February 15, 2019 9:28AM

Government Ownership Sucks

The Wall Street Journal today profiles South Africa’s electric power company, Eskom. What a mess—something we have seen many times with government-owned businesses. Eskom has a bloated workforce, provides terrible service, fails to maintain its facilities, and is transmitting economic damage in every direction. It has rotten management and apparently corrupt dealings with politicians.

Three decades after Margaret Thatcher this should not be happening. Governments should not own businesses that can earn revenues in the marketplace. For citizens, there is no advantage to government ownership—there is only high costs, debt bombs, cronyism, and lousy service. It was same story with Puerto Rico’s government power company. The way ahead for South Africa is privatization.

The word “sucks” is not a technical term, but it is surely what South Africans are thinking and it is the logical takeaway from the WSJ article:

Africa’s most-developed economy this week is experiencing its worst blackouts in years, with households, businesses and key infrastructure left without electricity for up to nine hours a day.
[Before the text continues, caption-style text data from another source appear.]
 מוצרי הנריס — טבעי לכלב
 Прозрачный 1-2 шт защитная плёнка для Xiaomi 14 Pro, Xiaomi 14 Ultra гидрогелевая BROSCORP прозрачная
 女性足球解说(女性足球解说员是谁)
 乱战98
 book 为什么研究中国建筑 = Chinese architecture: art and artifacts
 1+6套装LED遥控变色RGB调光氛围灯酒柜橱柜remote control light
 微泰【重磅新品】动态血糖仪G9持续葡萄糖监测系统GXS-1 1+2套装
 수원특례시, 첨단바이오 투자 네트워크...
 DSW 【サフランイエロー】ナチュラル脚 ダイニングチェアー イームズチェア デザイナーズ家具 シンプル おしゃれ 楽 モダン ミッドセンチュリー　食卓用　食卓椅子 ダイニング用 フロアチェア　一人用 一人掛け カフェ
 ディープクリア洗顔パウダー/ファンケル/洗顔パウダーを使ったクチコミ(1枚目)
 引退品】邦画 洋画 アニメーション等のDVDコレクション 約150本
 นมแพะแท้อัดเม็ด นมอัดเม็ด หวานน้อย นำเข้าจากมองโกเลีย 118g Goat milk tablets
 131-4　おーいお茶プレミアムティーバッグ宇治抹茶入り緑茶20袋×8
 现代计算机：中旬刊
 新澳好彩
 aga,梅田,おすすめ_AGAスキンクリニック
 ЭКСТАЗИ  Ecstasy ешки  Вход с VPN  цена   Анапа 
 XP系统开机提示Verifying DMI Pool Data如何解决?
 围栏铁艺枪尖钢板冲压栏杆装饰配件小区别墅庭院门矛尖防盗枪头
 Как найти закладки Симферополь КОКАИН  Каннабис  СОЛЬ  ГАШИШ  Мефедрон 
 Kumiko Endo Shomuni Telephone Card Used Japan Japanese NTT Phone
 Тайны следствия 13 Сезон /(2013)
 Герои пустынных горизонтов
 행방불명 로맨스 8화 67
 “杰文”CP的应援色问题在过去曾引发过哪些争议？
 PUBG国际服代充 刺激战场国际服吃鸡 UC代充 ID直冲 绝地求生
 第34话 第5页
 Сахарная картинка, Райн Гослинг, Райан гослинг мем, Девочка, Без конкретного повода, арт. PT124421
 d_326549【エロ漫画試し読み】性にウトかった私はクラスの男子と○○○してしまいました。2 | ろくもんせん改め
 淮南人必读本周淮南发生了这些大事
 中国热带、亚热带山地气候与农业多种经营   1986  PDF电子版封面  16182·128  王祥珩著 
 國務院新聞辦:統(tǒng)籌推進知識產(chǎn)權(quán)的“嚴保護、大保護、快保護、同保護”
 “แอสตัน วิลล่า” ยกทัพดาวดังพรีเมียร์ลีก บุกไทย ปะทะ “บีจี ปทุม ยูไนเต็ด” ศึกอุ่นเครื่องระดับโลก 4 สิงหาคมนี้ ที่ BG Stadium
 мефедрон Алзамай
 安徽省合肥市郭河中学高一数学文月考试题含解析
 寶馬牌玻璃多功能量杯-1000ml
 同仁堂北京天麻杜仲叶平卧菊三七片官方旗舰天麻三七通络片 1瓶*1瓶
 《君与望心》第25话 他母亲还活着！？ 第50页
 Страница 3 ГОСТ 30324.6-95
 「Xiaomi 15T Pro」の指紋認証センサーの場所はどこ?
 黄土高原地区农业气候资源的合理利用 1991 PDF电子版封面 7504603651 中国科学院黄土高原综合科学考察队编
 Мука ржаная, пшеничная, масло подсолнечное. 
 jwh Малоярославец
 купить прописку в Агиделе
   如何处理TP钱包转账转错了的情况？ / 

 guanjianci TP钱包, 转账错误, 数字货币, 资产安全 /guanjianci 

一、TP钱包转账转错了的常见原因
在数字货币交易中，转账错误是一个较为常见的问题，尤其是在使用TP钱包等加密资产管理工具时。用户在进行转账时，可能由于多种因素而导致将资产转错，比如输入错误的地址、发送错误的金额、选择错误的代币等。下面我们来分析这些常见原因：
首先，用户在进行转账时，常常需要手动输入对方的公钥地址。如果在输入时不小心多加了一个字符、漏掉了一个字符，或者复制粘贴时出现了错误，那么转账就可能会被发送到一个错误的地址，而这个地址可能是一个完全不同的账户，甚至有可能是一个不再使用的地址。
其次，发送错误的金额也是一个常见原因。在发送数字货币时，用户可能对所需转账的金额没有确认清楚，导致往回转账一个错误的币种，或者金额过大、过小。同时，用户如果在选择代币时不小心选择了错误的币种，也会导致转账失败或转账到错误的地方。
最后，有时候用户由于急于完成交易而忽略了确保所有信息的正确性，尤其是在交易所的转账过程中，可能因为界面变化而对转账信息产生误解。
The power cuts have hobbled the country’s mining sector, paralyzed traffic behind disabled stop lights and forced people to cook dinner outside on paraffin stoves—less than three months ahead of national elections that will determine whether President Cyril Ramaphosa, who ousted his scandal-battered predecessor last year, can win a full term.

At the center of the shortages is South Africa’s state-owned power utility Eskom, which supplies some 90% of the country’s electricity, but has been rattled by years of mismanagement and alleged corruption involving senior management. On Wednesday, the company warned that it was technically insolvent and would go bankrupt by April unless it gets a multibillion-rand government bailout.

Saddled with some 420 billion rand (around $30 billion) in debt—much of it government guaranteed—Eskom has become Mr. Ramaphosa’s biggest political headache. The company’s failure to generate sufficient electricity is eroding already anemic economic growth, while another bailout would add to the government’s rising debt load.

“Eskom’s current situation is the single biggest risk to South Africa’s economy,” Mike Fraser, chief operating officer of Australian miner South32, said at a Cape Town mining conference last week.

… Government officials and Eskom’s board—installed by Mr. Ramaphosa last year—say the utility is failing on multiple fronts.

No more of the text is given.